8-K05092013-2013annualmeetingv2



                                                        
UNITED STATES
SECURITIES AND EXCHANGE COMMISSION

Washington, D.C. 20549
___________________

FORM 8-K

CURRENT REPORT
PURSUANT TO SECTION 13 OR 15(d) OF THE
SECURITIES EXCHANGE ACT OF 1934

Date of report (Date of earliest event reported) May 9, 2013

TEREX CORPORATION

(Exact Name of Registrant as Specified in Charter)

Delaware
1-10702
34-1531521
(State or Other Jurisdiction
(Commission
(IRS Employer
of Incorporation)
File Number)
Identification No.)


200 Nyala Farm Road, Westport, Connecticut
06880
(Address of Principal Executive Offices)
(Zip Code)
            
Registrant's telephone number, including area code (203) 222-7170

NOT APPLICABLE
(Former Name or Former Address, if Changed Since Last Report)

 
Check the appropriate box below if the Form 8-K filing is intended to simultaneously satisfy the filing obligation of the registrant under any of the following provisions (see General Instruction A.2. below):

□ Written communications pursuant to Rule 425 under the Securities Act (17 CFR 230.425)
□ Soliciting material pursuant to Rule 14a-12 under the Exchange Act (17 CFR 240.14a-12)
□ Pre-commencement communications pursuant to Rule 14d-2(b) under the Exchange Act (17 CFR 240.14d-2(b))
□ Pre-commencement communications pursuant to Rule 13e-4(c) under the Exchange Act (17 CFR 240.13e-4(c))    

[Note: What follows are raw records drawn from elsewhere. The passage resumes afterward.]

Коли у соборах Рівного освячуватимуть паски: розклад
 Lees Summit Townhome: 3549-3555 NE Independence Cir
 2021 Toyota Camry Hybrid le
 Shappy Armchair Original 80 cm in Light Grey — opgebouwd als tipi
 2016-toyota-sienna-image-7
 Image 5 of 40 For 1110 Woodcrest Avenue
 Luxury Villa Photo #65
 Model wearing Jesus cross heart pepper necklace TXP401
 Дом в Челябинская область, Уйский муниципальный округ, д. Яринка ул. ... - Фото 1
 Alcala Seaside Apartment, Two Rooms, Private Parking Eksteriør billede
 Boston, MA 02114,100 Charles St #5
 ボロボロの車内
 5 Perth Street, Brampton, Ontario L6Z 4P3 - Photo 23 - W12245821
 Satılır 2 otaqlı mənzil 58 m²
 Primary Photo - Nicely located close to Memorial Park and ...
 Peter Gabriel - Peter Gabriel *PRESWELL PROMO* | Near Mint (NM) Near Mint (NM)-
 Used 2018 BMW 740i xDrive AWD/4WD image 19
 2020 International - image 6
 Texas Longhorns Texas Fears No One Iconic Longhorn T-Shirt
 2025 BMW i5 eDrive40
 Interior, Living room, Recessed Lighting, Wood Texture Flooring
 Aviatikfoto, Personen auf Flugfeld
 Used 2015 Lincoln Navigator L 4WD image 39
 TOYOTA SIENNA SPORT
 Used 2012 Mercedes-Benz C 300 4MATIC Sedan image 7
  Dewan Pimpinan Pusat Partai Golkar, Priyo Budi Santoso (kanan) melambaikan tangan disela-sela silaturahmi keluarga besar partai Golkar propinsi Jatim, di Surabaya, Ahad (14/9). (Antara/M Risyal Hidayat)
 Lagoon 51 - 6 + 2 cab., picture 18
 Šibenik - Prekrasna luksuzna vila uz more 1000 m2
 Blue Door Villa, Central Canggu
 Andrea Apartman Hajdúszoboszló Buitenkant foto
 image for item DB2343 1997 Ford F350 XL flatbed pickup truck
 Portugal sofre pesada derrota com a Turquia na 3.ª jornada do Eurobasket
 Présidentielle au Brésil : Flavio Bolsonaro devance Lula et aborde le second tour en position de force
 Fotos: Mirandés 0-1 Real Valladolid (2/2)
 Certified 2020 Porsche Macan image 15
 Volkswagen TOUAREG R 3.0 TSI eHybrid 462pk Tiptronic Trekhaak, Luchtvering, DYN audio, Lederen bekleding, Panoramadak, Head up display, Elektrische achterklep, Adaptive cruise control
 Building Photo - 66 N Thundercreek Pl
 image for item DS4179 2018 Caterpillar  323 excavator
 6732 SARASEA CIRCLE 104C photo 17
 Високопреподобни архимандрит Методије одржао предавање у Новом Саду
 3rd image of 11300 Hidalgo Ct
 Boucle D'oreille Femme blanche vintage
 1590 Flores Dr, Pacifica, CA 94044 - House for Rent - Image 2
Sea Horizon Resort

Item 5.02. Departure of Directors or Certain Officers; Election of Directors; Appointment of Certain Officers; Compensatory Arrangements of Certain Officers.

(e)    As described under Item 5.07 of this Current Report, on May 9, 2013, at the 2013 Annual Meeting of Stockholders (the “Annual Meeting”) of Terex Corporation (the “Company”), the Company’s stockholders (1) approved an amendment to the Terex Corporation 2009 Omnibus Incentive Plan (the “Omnibus Plan”) to increase, by three million, the number of shares of the Company’s common stock available for grant thereunder and re-approved the material terms of the performance goals under the Omnibus Plan for tax-deductibility purposes and (2) approved an amendment of the Terex Corporation Deferred Compensation Plan (the “Deferred Compensation Plan”) that extends the date that matching contributions may be made under the plan until February 27, 2023.

The Omnibus Plan provides for incentive compensation in the form of (i) options to purchase stock, (ii) stock appreciation rights, (iii) restricted stock awards, (iv) other stock awards, (v) cash awards and (vi) performance awards. A description of the material terms of the plan is set forth in Proposal 3, under the heading “Approval of the Amendment of the Terex Corporation 2009 Omnibus Incentive Plan and Re-approval of the Material Terms of the Performance Goals for Tax Deductibility Purposes” in the Company’s Proxy Statement filed with the Securities and Exchange Commission on March 29, 2013 (the “Proxy Statement”), which description is hereby incorporated by reference into this Item 5.02(e). The foregoing description of the Omnibus Plan does not purport to be complete and is qualified in its entirety by reference to the full text of the Omnibus Plan, a copy of which is filed as Exhibit 10.1 to this Current Report on Form 8-K and is incorporated herein by reference.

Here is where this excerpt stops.